The 6-3 vote had Councilmen Matt Czajkowski, Jim Ward and Ed Harrison in opposition to the rest of the board members, who felt that adequate work and public input had been gathered to approve the zoning changes.
The rezoned areas include property along Elliott Road by Village Plaza up through the Eastgate Shopping Center and Ram’s Plaza, continuing through to the Europa Center and on to the edge of the Chapel Hill Cemetery and down Legion Road to Ephesus Church Road back by Colony Apartments and about a block north of Francis Street.
Four parcels south of Elliott Road were excluded from the rezoning. A parcel near the Chapel Hill Cemetery was unanimously approved for rezoning to allow non-profit affordable housing provider DHIC to move forward with its project to build affordable rental units on the property.
The rezoning is the first step in a larger renewal project for the area that includes improvements to stormwater management in the area, the public transit system and addresses traffic concerns to the tune of $10 million.

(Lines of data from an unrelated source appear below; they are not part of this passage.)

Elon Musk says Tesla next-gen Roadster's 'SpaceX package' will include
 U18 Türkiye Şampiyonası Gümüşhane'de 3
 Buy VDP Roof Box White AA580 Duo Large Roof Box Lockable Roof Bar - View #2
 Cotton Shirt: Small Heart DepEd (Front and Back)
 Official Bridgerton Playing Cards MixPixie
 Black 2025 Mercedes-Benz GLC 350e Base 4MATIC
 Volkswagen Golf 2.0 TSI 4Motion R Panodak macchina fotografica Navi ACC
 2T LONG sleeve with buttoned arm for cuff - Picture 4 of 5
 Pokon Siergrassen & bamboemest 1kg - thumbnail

Among public and council concerns was the funding for the project, the correct order in which to make improvements in the area that would be made and whether form-based code was the best way to renew the area.
Councilwoman Sally Greene said that there are tremendous holistic benefits to the plan and that “I can’t imagine contemplating this (form based code) to any other part of town. This is a very good solution for a very particular problem.”
“If we approve this retail stuff, we could end up with the exact opposite of what we said we wanted to achieve,” Czajkowski said.
“I’m not ready to vote for these,” Harrison said. “For the time being, let’s defer to the studied skepticism of neighbors and friends. This doesn’t mean that I wouldn’t vote for this in the future.”
Ward expressed frustration that staff didn’t inform the board on unsuccessful incentives municipalities had used to entice developers and that the energy efficiency incentives did not have enough substance and too much soft language.
He added that he was sorry he could not support this matter and that the plan needs to go to the Orange County commissioners to see how and if they contribute funds to the project prior to their approval.
Councilwoman Maria Palmer said that she is thinking of the future of Chapel Hill and contended that the council was not voting on faith alone that this plan will bring about results, including affordable housing.
“It’s not faith. … It’s trusting that we have done our research and that Chapel Hill needs the density and a corner of urban housing,” she said. “We need to do something different. We need lots of middle class housing for people who want to live and work in Chapel Hill.”
Councilman George Cianciolo said that he believes “that the staff, the consultants, the members of the council who are supportive of this believe it will succeed. I do believe
this will be successful for Chapel Hill.”